Myths About Confederate Monuments

Confederate monuments were erected without the consent or even input of Southern African Americans, who remembered the Civil War far differently, and who had no interest in honoring those who fought to keep them enslaved.

“They are saying it as plainly as they can and yet we are still having a debate in this country about what this stuff means.” — ACLU Deputy Legal Director Jeffrey Robinson exposes Confederate monuments for what they really are.

“The Robert E. Lee, Jefferson Davis, and P.G.T. Beauregard statues were not erected just to honor these men, but as part of the movement which became known as The Cult of the Lost Cause. This ‘cult’ had one goal—through monuments and through other means—to rewrite history to hide the truth, which is that the Confederacy was on the wrong side of humanity.” ~ Mitch Landrieu, Mayor of New Orleans

According to Smithsonian Magazine, “Confederate monuments aren’t just heirlooms, the artifacts of a bygone era. Instead, American taxpayers are still heavily investing in these tributes today.”

Confederate monument-building has often been part of widespread campaigns to promote and justify Jim Crow laws in the South. According to the American Historical Association, the erection of Confederate monuments during the early twentieth century was “part and parcel of the initiation of legally mandated segregation and widespread disenfranchisement across the South.”

Historical Revisionism

Almost immediately after the war ended in 1865, the defeated Southern states had to form a coherent reason why they had engaged in a rebellion against the Union. Such reason could not highlight the centrality of slavery to the Southern cause, but instead had to minimize, or even deny, the role of slavery.

Furthermore, many white Southerners during Reconstruction believed that the Union had, in fact, placed an oppressive regime on their states. As a result, once the Yankee troops left the South, Southerners began forming memorials (often funded and driven by the United Daughters of the Confederacy and supported by many Southern veterans’ groups).

The purpose of this was to try and redefine the meaning of the war to ignore slavery, so that the Southern “heroes” would not seem like evil racists seeking to hold down an entire race of people. A very good example of this is how Robert E. Lee is often played up as being opposed to slavery and only fighting for the Confederacy because his home stage of Virginia joined the South, which ignores he himself actually owned slaves and refused to ever release them, punishing them brutally when they tried to escape.

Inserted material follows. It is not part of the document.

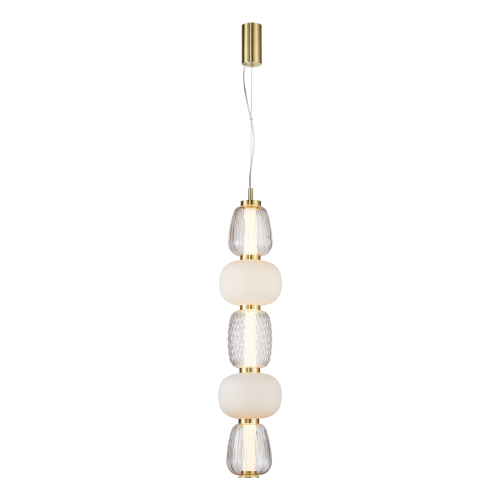 Lampa wisząca CARO GOLD 40W LED ML0361 Milagro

Confederate apologetics in the form of historical revisionism continues to this day. As recently as 1996, Pastor Bobby Eubanks of Ridge Baptist Church, along with 14 other clergy, wrote and circulated a letter claiming that:

  • The Confederate Flag is a Christian symbol.
  • Leaders of the Confederacy are historical examples of Christian character.
  • The Civil War was a fight between Christianity and Atheism.
  • Removing the flag is part of a liberal conspiracy to attack traditional values.
  • Race relations are better in the South than in the rest of the nation.
  • The flag “represents the noble effort, of South Carolinians and Southerners generally, to resist the federal government’s unconstitutional efforts to subjugate sovereign states.”

The “heritage, not hate” slogan in reference to the numerous Southern monuments to the Confederate States of America (CSA), the various commemorations of the CSA, and the continued use of the Confederate flag are in fact an early form of American denialism.

The Lost Cause

The term “Lost Cause of the South” (also Lost Cause of the Confederacy) refers to a number of interpretations of the American Civil War from a pro-Southern perspective.

Lost Causers claim that slaves were content with their lot. Likewise, they claim that slavery was a “mild or benign institution” that was for the “betterment” of Africans. Examples include claims that slave owners were paternalistic figures to their slaves, that they loved their slaves like children, and were in turn loved as parent figures. Black women will fall into a “mammy” stereotype to defend the white families that they somehow love more than their own.

Hearing these descriptions, one almost wonders what the whips were for! They either ignore the slave revolts or the millions of slaves that fled to Union lines with whatever property they had in the hope of gaining their freedom, or consider them traitors, thieves, or conspirators (especially during Reconstruction).

Moreso, they ignore the significant numbers of military-aged white males who had to be continually kept on the home front to guard against slave revolts and escape attempts, despite the Confederate army experiencing a severe manpower deficit as the war went on.

Lost Causers repeatedly mention that the vast majority of whites in the South did not own slaves. This ignores two things: most of them almost certainly hoped to be wealthy enough to own slaves someday, and all whites benefited whether they personally had slaves or not. As long as blacks were slaves, being white guaranteed you weren’t on the bottom-most rung of society no matter how poor you were. That being said, slavery propagated the vast income inequality in the South, and rich white slaveowners could even opt out of the war with money (this had created complaints by soldiers being about a rich man’s war and a poor man’s fight), so to argue about a “Lost Cause” is really more of arguing for the Aristocrats’ Lost Causes.